We demand certain things from our athletes, including a singular need to play as much and as often as possible, consequences be damned. What story’s greater than Willis Reed limping out of the tunnel on a severely sprained ankle to help secure the 1970 NBA Finals or David Eckstein winning the 2006 World Series MVP despite having his legs sawed off at the kneecaps?

DeMarcus Ware hiding
(Not photoshopped. No sir. This actually happened.)

So when we hear stories like Greg Ellis telling Michael Irvin that DeMarcus Ware would take himself out of the game so Ellis could get more playing time, the alarms start going off. That’s not competitiveness! The balance of the sporting world is upset! Ed Werder has a boner because it’s bad news about the Cowboys!
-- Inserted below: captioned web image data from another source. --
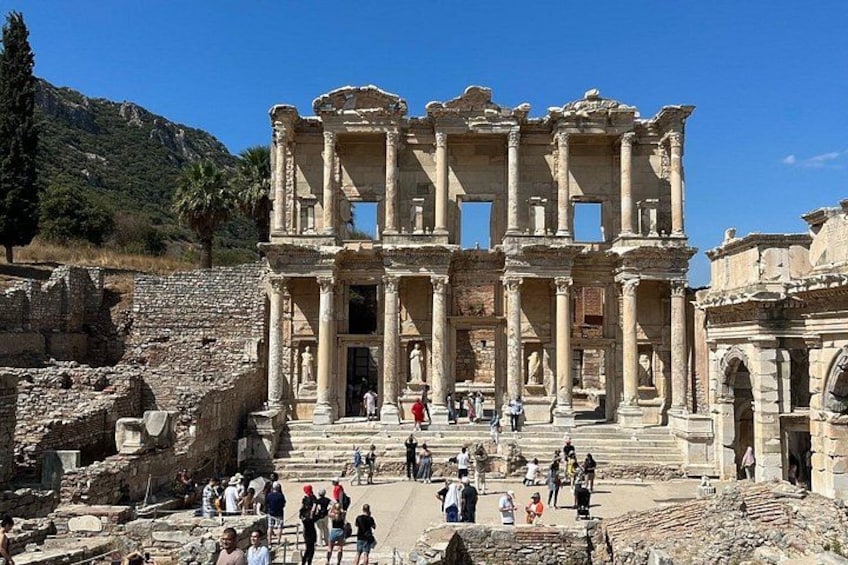 Ruinas de una estructura antigua con columnas y escalones, rodeadas de visitantes. 3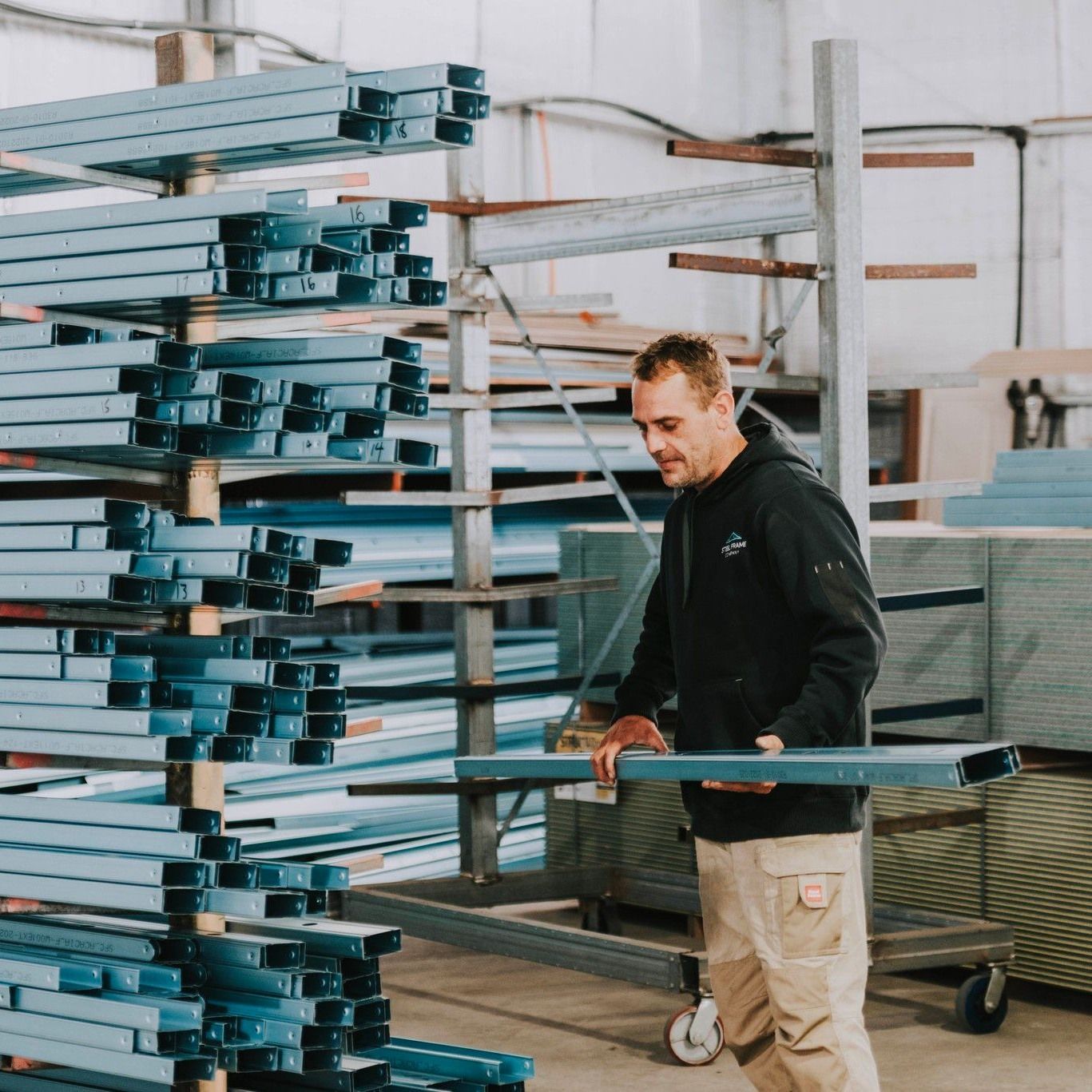 A Man is Standing in Front of a Stack of Blue Pipes — Steel Frame Company In Bathurst, NSW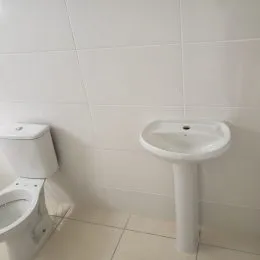 Foto de uma pia branca instalada em uma parede revestida de azulejos brancos.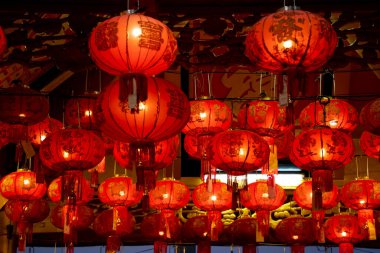 Red lanterns hanging on Chinese temple roof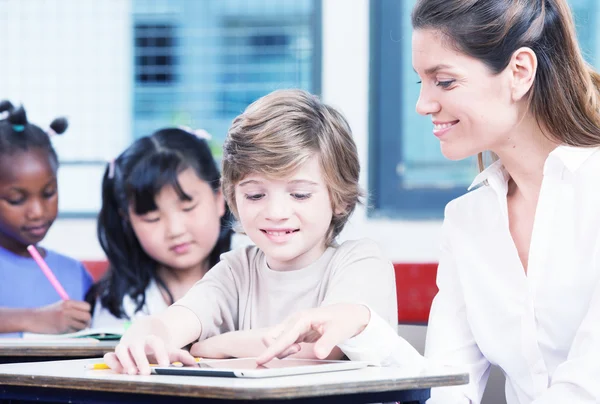 Leraar met schooljongen in een multi-etnische elementaire klas — Stockfoto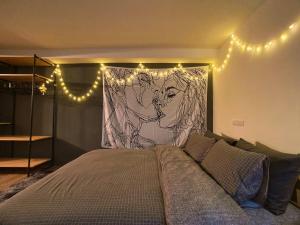 a bedroom with a bed with a mural of a lion at Holayoyo in Tainan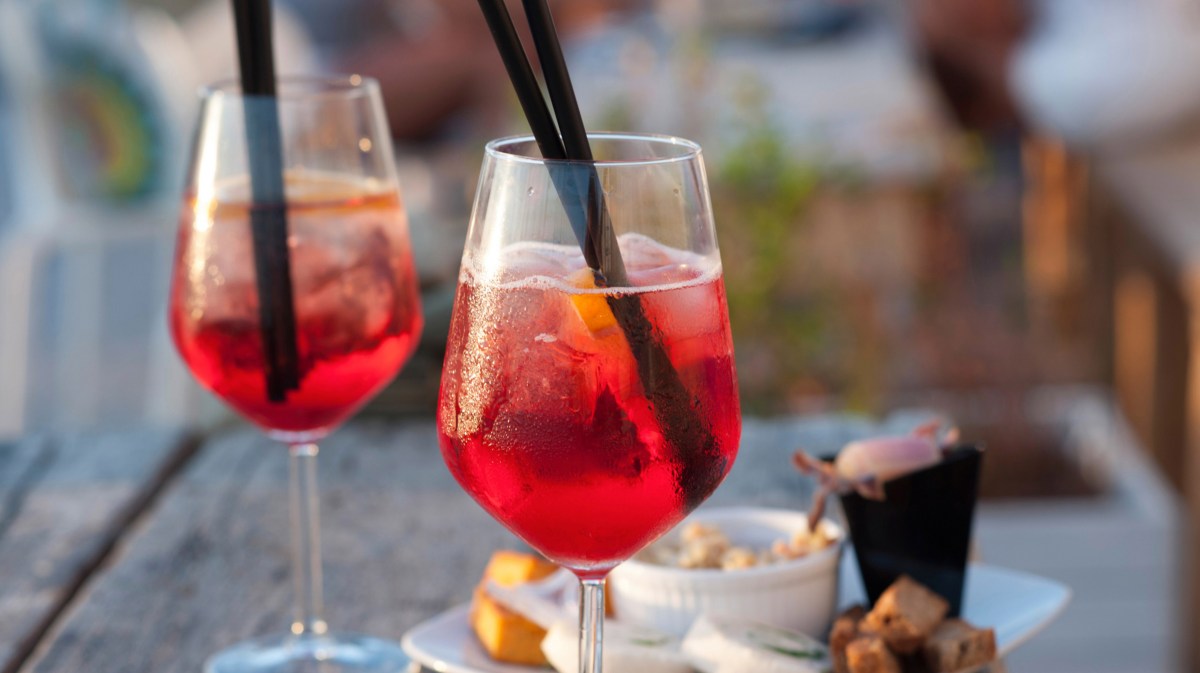 Lillet Ruby Cocktail in einem Glas auf einem Terrassentisch.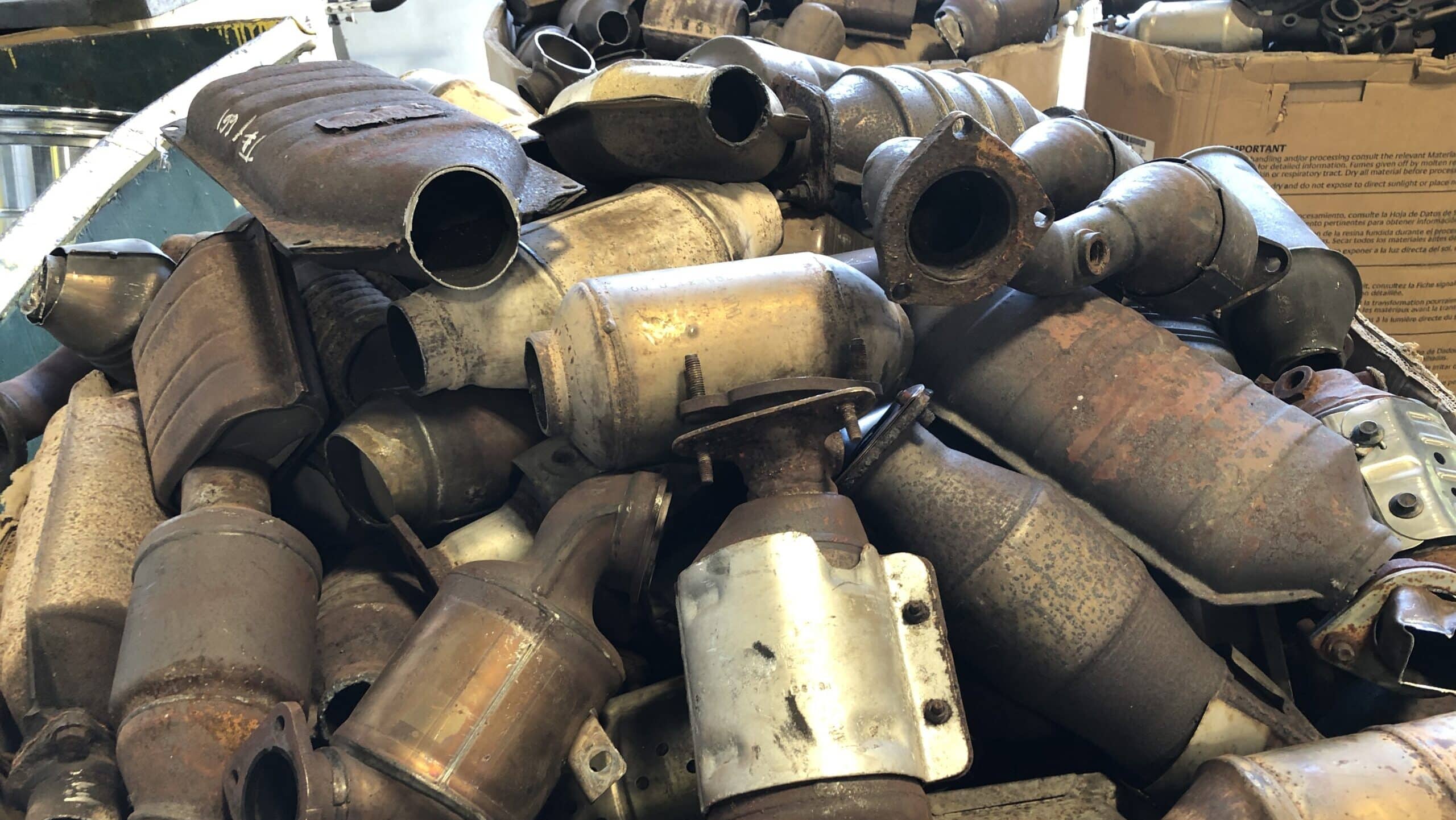 A pile of scrap catalytic converters awaiting collection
One tiny problem, though; this is the Internet, where mountains of data about really insignificant stuff like football games gets kept, and fact-checking is really easy. To that end, the DALLAS MORNING NEWS then artfully juxtaposed Ellis’ claim with this paragraph:

Ware rarely sat out a defensive snap with the exception of late in the Thanksgiving win over the Seahawks, when he suffered a knee injury.

Perhaps Ellis would have been well-served to have that information presented to him by Irvin, but this is radio and facts don’t come quick enough when you’re tasked with keeping the flow of dialogue going for however many hours you’re on the air. Irvin did the next best thing, though, and asked for clarification of Ellis’ statement. Did Ellis say “okay, that’s not quite what I meant” or otherwise qualify his statement with a measure of sanity?

“On his own,” Ellis said. “He would say, ‘G, come on.’ And I would tell him, ‘No, DeMarcus, go ahead, man. You’re coming up on your contract year. Don’t mess that stuff up. Go ahead and do you, and we’re just going to do what the coaches, or whoever the powers that be, what they want to do.’”

Neat story. Probably either totally false or, at best, a serious exaggeration and misrepresentation of the truth.

As a matter of fact, Ware’s not having any of it, telling Dallas’ ESPN radio affiliate that if there was any reason why he was coming off the field, it was for a quick drink, not to save Ellis’ job:

You know, on the concept of hydration, I think I was probably going off the field maybe to get hydrated [laughs]. But I think that everybody at the end of the day got ample amount of time and I went back and looked at a lot of the things, and I, what, played in like 95 percent of the plays? And, you know, maybe sometimes guys rush better against certain guys, so I don’t know. I don’t know what the deal is, but at the end of the day, I did what I can do to help the team out last year.

Really, if you think about it, Ellis’ story doesn’t exactly hold water (hydration joke! topical! LOL? no? fine, whatever). Hiding from the coaches? Doesn’t that seem akin to sports team treason, especially with somebody of Ware’s caliber? Remember, Ware registered 20 sacks last season en route to winning the Butkus Award and his third Pro Bowl appearance of his four-year career. The notion that he was at the same time staying off the field more than he should have to let his backup play more often just plain doesn’t ring true.

As to why, then, Ellis might tell this story? Honestly, who knows? It was in part of a larger story about how he wasn’t allowed to be as much of a leader as he’s used to (see: play football next to younger teammates), and maybe he’s intentionally taking Ware’s comments out of context, but it doesn’t seem very leadery to impugn your All-Pro teammate’s sporting integrity in order to underscore a point about your own merits - especially when the evidence doesn’t support the tale.